(Mostly) Perfect Matchings

Disrupting a beloved college tradition with mathematical optimization

MentorMatch

As of late, I've been working on a project called MentorMatch, a service designed to pair mentees to mentors according to a set of preferences. This was primarily motivated by "Matching Day", a semiannual tradition in Greek life in which new inductees are paired with existing members of the organization. Not being a member of a fraternity myself, I asked a friend of mine for more details. Here's what I gathered:

A list of all new members and eligible existing members is made public.
After a series of events where the two groups mingle, each new member generates of list of mentors they like and vice versa.
???
The list of matchings is published, with great pomp and circumstance.

I was told there exists a preference committee elected each year whose sole responsiblity is generating this pairing. Unsurprisingly, the actual matching procedure is deliberately opaque. From what I gathered, the process is not unlike a papal conclave- the committee is gathered into one room, isolated from the rest of the world, and asked not to emerge until everyone has been matched. Given the nature of sealed-door conversations, it is impossible for members to interrogate the decisions made by the committee. And so, like many other engineers, I thought to myself:

"There has to be an easier way of doing this..."

Perfect Matchings

Fortunately, such matching problems have been a well-studied area of applied mathematics for decades. In particular, we're looking for something called a perfect matching, in which every person is assigned exactly one partner who happened to be on their preference list. Unfortunately, this might prove impossible, so we instead set our sights on a less lofty goal: maximizing global happiness¹.
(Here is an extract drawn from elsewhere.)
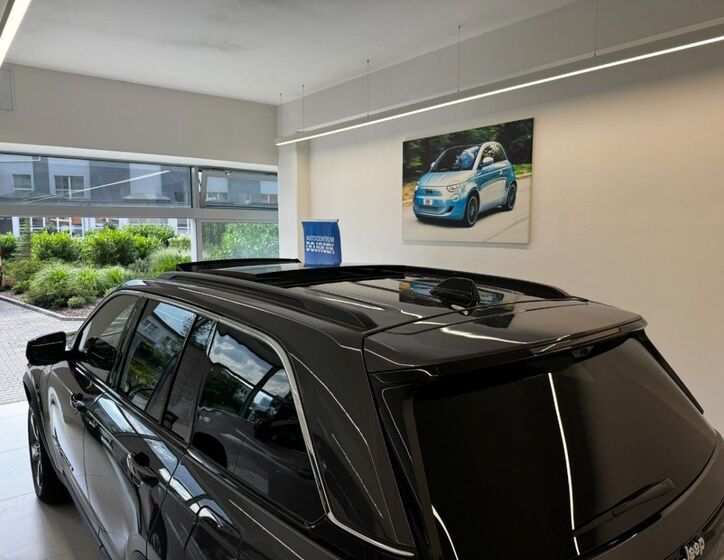 Jeep Grand Cherokee 6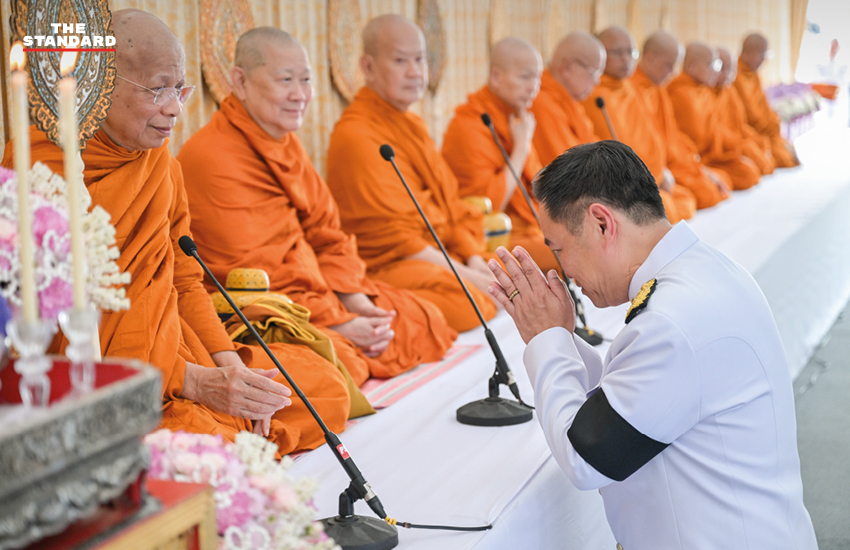 ภาพนายกรัฐมนตรีนำคณะทำบุญตักบาตรพระสงฆ์ 149 รูป ที่มณฑลพิธีท้องสนามหลวง เนื่องในโอกาสวันเฉลิมพระชนมพรรษา สมเด็จพระนางเจ้าฯ พระบรมราชินี 2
Let's formalize exactly what we're aiming for here. Suppose we have $n$ mentors and $n$ mentees, with each person having an unordered list of preferences². We can create a preference matrix $C$ as follows: $$C_{ij} = \mathbf{1}(\text{mentor } i \text{ prefers mentee } j) + \mathbf{1}(\text{mentee } j \text{ prefers mentor } i)$$ where $\mathbf{1}(x)$ is the indicator function. Our goal is to pick one entry from each row and column of $C$, such that the sum of entries is maximized. If we let $(i, m_i)$ represent the assigned mentee-mentor pairs, this admits the objective function: $$ \argmax_{(m_1 \dots m_n)} \sum_{i=1}^n C_{im_i} \qquad \text{s.t. } m_i \text{ all distinct } $$ or using the language of linear algebra: $$ \argmax_{P} || P \odot C ||_F \qquad \text{s.t. } P \text{ a permutation matrix } $$

Thankfully, there exists an abundance of libraries dedicated towards solving this problem (I used SciPy's linear_sum_assignment). This returns the optimal row/column pairs, from which we can recover our final happiness score by summing the relevant entries of $C_{ij}$ and dividing by the maximum happiness $2n$.

Breaking Ties

Depending on how the preference data shakes out, our matching may not be unique. As a somewhat trivial example, consider an amiable group of mentors and mentees, in which each person prefers all members of the opposite class. Our preference matrix $C$ would contain only twos and all $n!$ possible matchings would attain maximum happiness. The algorithm we use is deterministic (i.e. we always return the same solution for every run, even if multiple exist). Does this matter? Mathematically, it doesn't- all optimal solutions give the same happiness, so just pick one and call it a day. From a psychological perspective, however, I would argue this isn't the case.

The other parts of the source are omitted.